I heard another person pronounce CIACLA as Sea-Acla and that brought me to back to Oileán Acla, the island of Achill (Acaill) and the Sea of Acaill, Sea (of Acaill) Acla. The word ACLA cannot exist on its own. It says it is of something else. The thought delights me. I am NOT. I am with context. The Irish are not what we were, or told we were, nor what we will be. Yet, it all forms part of us: billowing stories, some not yet told. I duck under the sails and think of the gleoiteoga, the púcáin, and boats like them in Cornwall. With no wind, they are of little use; with no breath, we are nothing. Movement is life. Everything changes.

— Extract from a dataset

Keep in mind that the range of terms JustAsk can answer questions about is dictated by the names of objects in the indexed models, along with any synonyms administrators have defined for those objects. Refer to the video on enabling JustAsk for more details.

My musings tell me that we, as a people, are fascinating, something I note when I look at The Ladder is Always There installation that has the sea on the walls around me. A new perspective makes me forget where I am. Art comes with eyes that understand lies.

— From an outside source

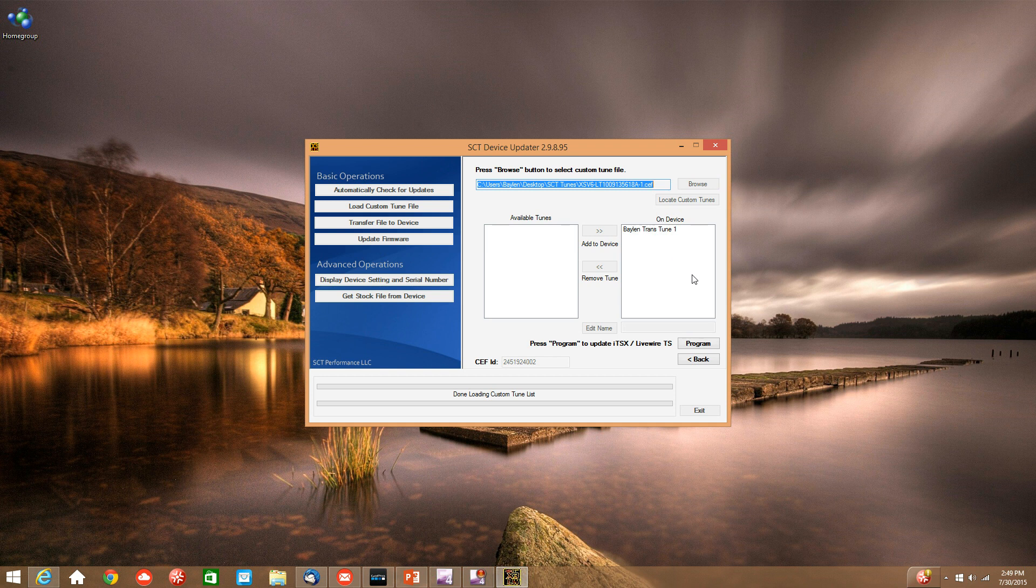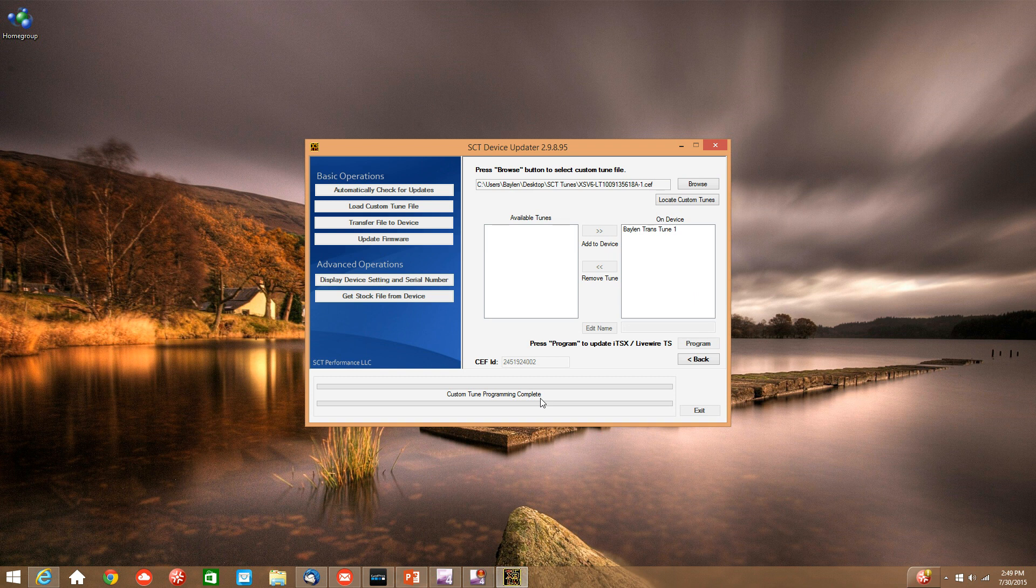And the last important step is to hit the program button. This is where you will see programming custom tune. And when it is finished, it will say custom tune programming complete.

As I moved in the room I imagined I felt aer Acla, the rush of wind and salty air. Seo mé i seomra, a bhuail mé le teanga eile sa bhéal anocht, faraor. Ach, mar sin féin, caitheadh siar (nó soir) go Maigh Eo mé. Contemporary is now. It always was. A term of contradiction. Yet Coogan’s work throws me back in time. Turmoils and a mangled mess of memories may see the sails as a fabric of Yeats’ Cloths of Heaven or whatever we wish for. I see simple cloths like the flour bags my mother would wash and rewash and sew together to make us sheets.
I talked with those at CIACLA. Some dream up these images and creations and others walk stages. I found out that people far younger than mise among them still sing in sean-nós (the old style) and are in tune with rhythms that keep truth firmly knotted, unlike beads on a poorly constructed abacus with a frame of falsehood. Fiú nuair nach bhfeicimid í, there IS always a ladder. It is always firm on the floor. We need our community to hold it and let us get the wider view while firmly rooted in who we are.
Ádh mór libh ar fad! Mór an pléisiúr casadh libh aréir,
Matthew is foireann ELLA: Ealaín ár Linne, LA
Sin bronntanas beag daoibh 😉 Éire ELLA 😉
Update:
Dhún CIACLA a ndoirse inné.
Seans eile dóibh uair eile? I gCultúrlann as seo amach? Tá súil agam.